鴻海からの打診には、日産出身で鴻海のEV事業を最高戦略責任者(CSO)として指揮する関潤氏が関わっていたという。関氏は日産トップの座を19年に内田誠社長と争った後に退社していた。日産側では、鴻海の経営関与を避ける意味からもホンダとの統合検討を急ぐ必要があった。
日産は、北米や中国市場での販売低迷を背景に24年9月中間連結決算で営業利益が前年同期比9割減となる経営不振に直面。ホンダ関係者は日産との関係強化について「不安はあるともないとも言えない」と複雑な心境を明かしており、日産が挽回への道筋を早急に示せなければ、統合協議にブレーキがかかりかねない。
米国ではガソリン価格の高騰を受けて燃費性能が高いHVの人気が高まり、有力モデルを提供できていない日産の頭痛の種となっている。
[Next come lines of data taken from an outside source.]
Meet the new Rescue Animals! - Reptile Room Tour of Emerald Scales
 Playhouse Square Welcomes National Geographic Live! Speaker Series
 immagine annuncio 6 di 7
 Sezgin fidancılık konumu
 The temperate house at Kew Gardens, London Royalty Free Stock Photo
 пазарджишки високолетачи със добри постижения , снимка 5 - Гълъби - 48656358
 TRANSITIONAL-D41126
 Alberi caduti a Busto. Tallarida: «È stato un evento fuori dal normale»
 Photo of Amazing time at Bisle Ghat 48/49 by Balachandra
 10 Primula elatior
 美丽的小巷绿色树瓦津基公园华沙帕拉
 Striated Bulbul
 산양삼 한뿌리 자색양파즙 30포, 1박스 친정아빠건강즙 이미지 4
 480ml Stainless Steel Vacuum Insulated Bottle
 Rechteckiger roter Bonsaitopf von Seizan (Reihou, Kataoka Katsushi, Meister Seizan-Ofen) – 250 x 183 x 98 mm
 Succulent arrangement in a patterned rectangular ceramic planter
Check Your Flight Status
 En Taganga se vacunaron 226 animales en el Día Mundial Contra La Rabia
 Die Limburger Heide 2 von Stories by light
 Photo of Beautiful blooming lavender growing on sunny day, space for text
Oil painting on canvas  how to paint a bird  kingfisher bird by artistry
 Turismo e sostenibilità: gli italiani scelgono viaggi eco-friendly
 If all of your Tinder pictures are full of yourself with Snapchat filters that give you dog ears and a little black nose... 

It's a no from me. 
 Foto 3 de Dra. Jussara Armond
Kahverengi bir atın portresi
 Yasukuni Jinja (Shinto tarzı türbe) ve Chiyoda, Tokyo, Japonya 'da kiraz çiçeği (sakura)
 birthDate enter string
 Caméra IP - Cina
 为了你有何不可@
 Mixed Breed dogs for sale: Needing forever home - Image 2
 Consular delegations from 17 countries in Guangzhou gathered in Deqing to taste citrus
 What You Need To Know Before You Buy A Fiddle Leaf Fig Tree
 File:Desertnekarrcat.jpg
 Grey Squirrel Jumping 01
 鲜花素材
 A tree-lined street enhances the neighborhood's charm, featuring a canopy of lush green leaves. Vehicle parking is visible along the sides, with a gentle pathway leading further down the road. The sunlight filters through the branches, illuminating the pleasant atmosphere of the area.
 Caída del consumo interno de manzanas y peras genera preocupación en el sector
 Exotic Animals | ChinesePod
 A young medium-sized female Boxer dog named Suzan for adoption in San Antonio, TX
内田社長は11月の記者会見で「HV(需要)がここまで急速に上がってくるのは読めていなかった」と対応の遅れを認め、新モデルの独自開発には少なくとも1年以上かかるとの見通しを示した。
これに対し、ホンダは26年以降に予定する次世代HV駆動システムの投入を機に、23年に65万台だったHVの世界販売台数を30年までに倍増させる計画を打ち出している。両社の統合検討は日産「救済」の色彩を帯び、18日の東京株式市場では日産株が前日比23.7%急騰した一方、ホンダ株は3.0%下落し今年の最安値で終了した
ホンダの青山真二副社長は18日、統合の検討について「日産の業績が回復する前提で話をしている」と記者団に強調。日産が先に発表した9000人の人員削減をはじめとするリストラ策の着実な実行を求める構えだ。